Thursday, February 02, 2012

Urbanization Of Tech Employment

F.I.R.E. Finance, insurance, and real estate. That's the kind of industry I expect to find in the downtown area of a big city. The wild speed and reach of financial capital defines contemporary globalization. At the heart of it all is New York and London, two global giants undergoing a transformation of economic geography. Silicon Roundabout:

The migration away from the industry’s east London heartland has echoes of a similar trend a decade ago, when the technology companies began a gradual march from the business parks of the Thames Valley to the capital. However, the move into areas traditionally associated with banks and media companies challenges the accepted wisdom that technology companies favour offices – often converted – in the fringe locations surrounding the City.

Tech is not just moving next to finance in London's urban core. Tech is replacing finance. Why? Access to talent:

“Silicon Roundabout has been a magnet for the start-ups for some time but the bigger companies are realising that they need to be in London to hire the best people. The difference is, they need the kind of space usually taken by banks and big consumer-facing companies, so they come into the City or the West End,” said James Roberts, head of commercial research at Knight Frank.

Instead of thinking of London as a global hub of money, imagine global flows of people.
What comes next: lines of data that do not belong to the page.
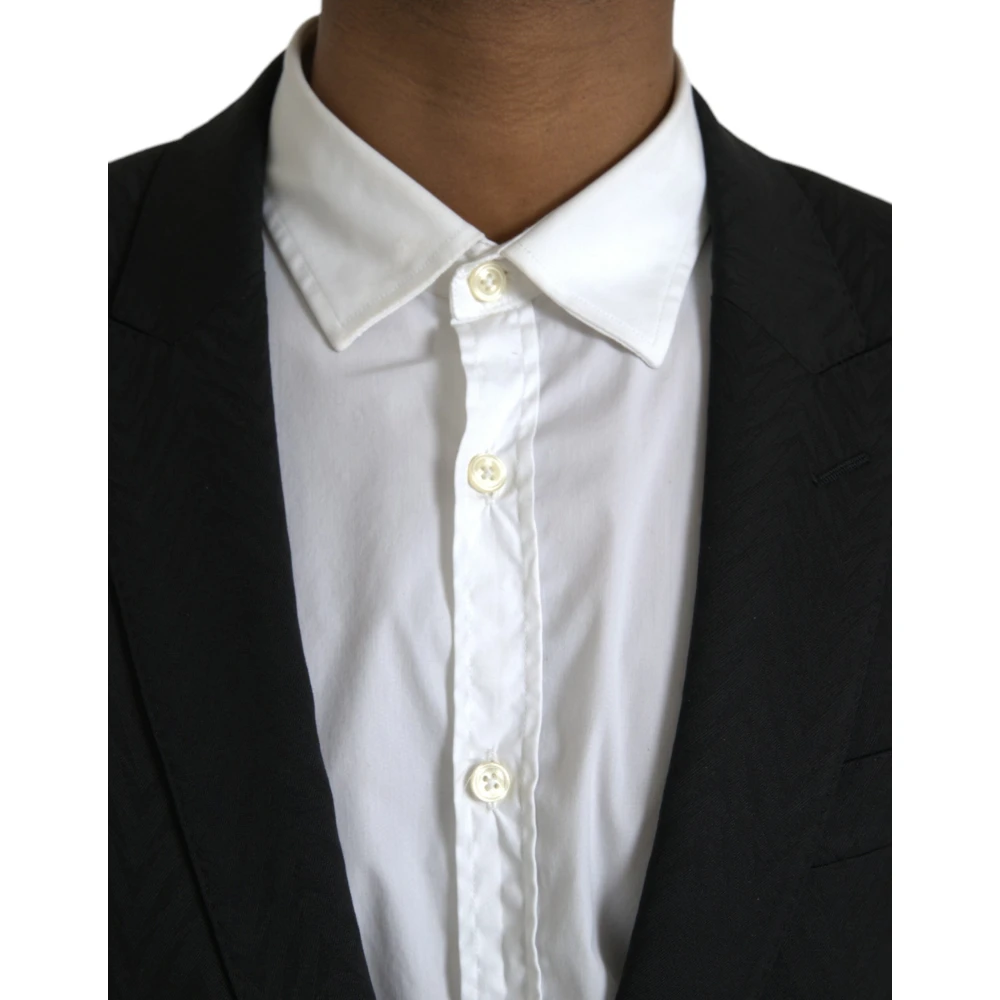 Dolce & Gabbana Zwarte Martini Slim Fit Blazer Jas Black Heren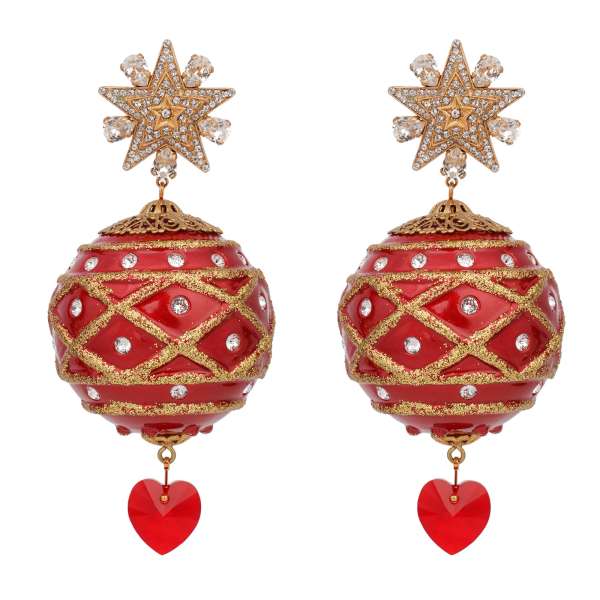 Crystal Star and Ball Clip Earrings adorned with crystals and heart in red and gold by DOLCE & GABBANA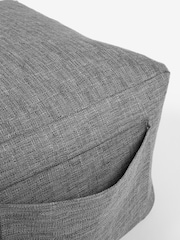 Dark Grey Bouclé Weave Large Pouffe - Image 5 of 5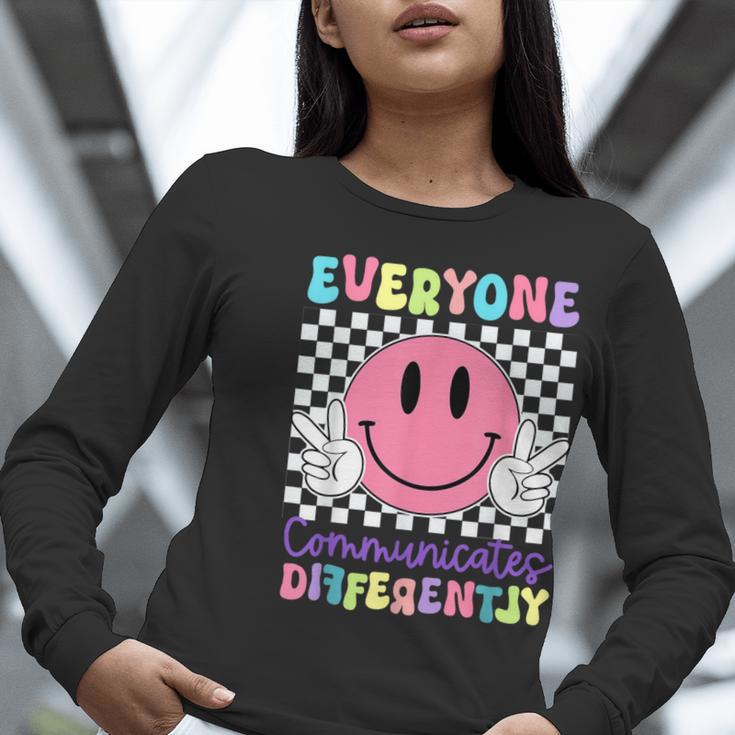 Everyone Communicates Differently Autism Awareness Teacher Women Long Sleeve T-Shirt, funny gift Everyone Communicates Differently Autism Awareness Teacher Women Long Sleeve T-Shirt, funny gift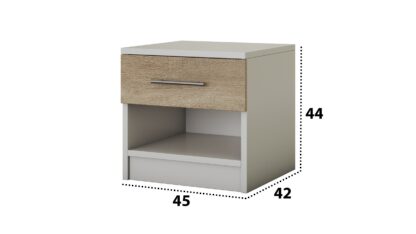 Dimensiuni noptiera Beta, culoare alb+sonoma, fundal alb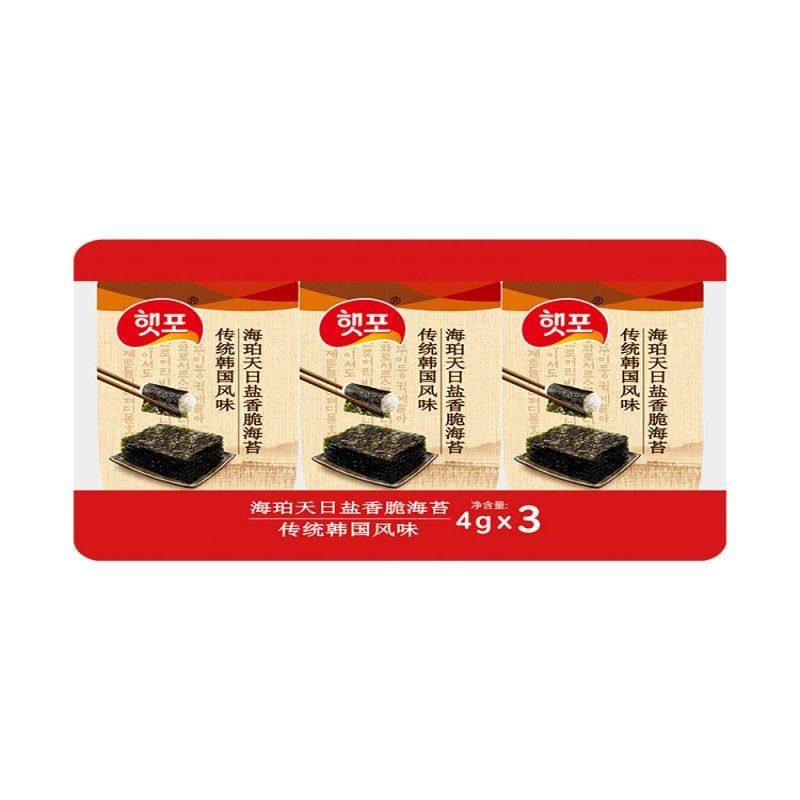 临期特价海苔天日盐香脆海苔传统韩国风味4g*3包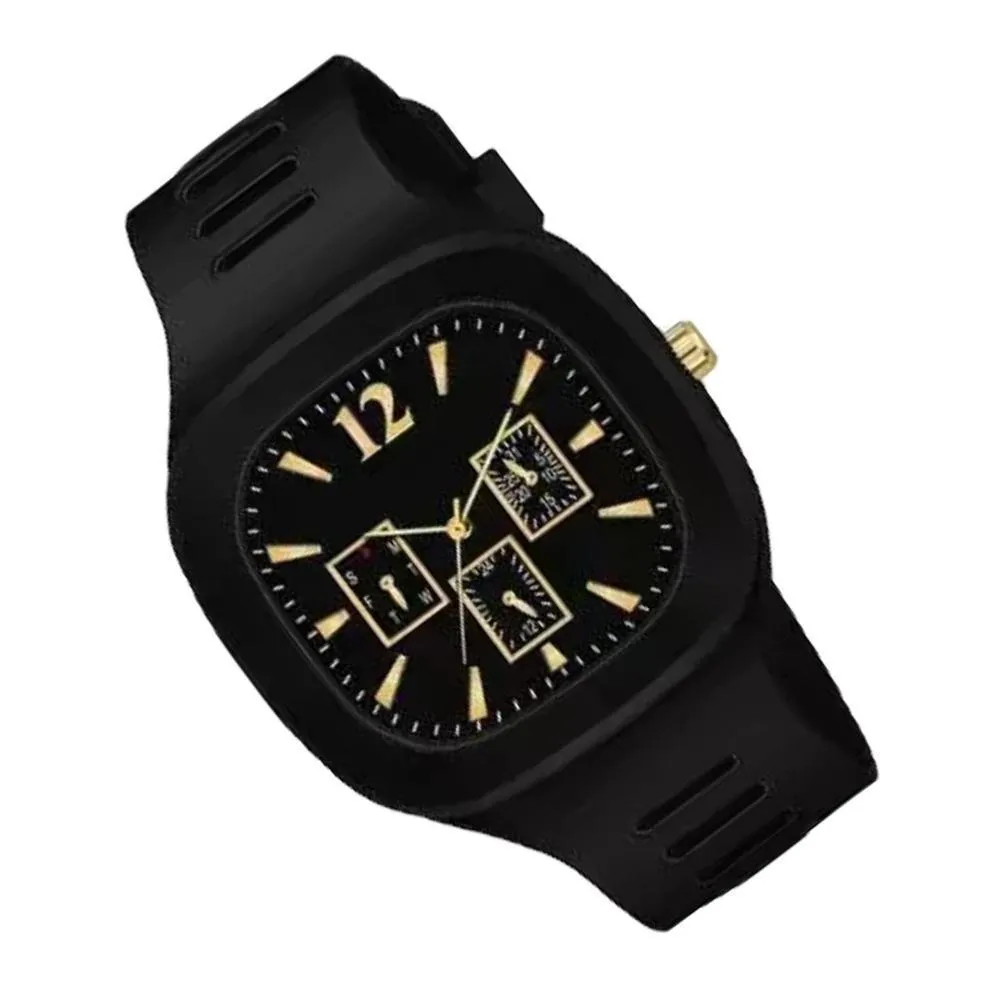 Black Silicone Multi-Dial Watch for Men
That's the geography of the Talent Economy, the next round of globalization. Talent is cramming into center city at considerable expense. You need to be where the migrants are.

During the last round of economic globalization, you went to Harvard for the M.B.A. Now you matriculate there because the best and brightest flock in from around world. Boston is an international hub for talent production. To lesser extent, so is Pittsburgh. The dawning economic epoch will favor such metros, as well as the nimble alpha cities such as London and New York (where the graduates from the likes of Boston and Pittsburgh go to be developed).

This geography of globalization will punish the suburbs, just as the dawn of the knowledge economy emptied out the downtowns of industrial powers. Schools will deteriorate. Legacy costs will crush a declining tax base. American urban patterns (see Florida) will look a lot more like Paris: Wealth in the middle and poverty concentrated in the banlieues. However, the key is not where people reside. It's where the jobs are, where the best talent wants to work. A suburban office park is a lousy place to develop talent.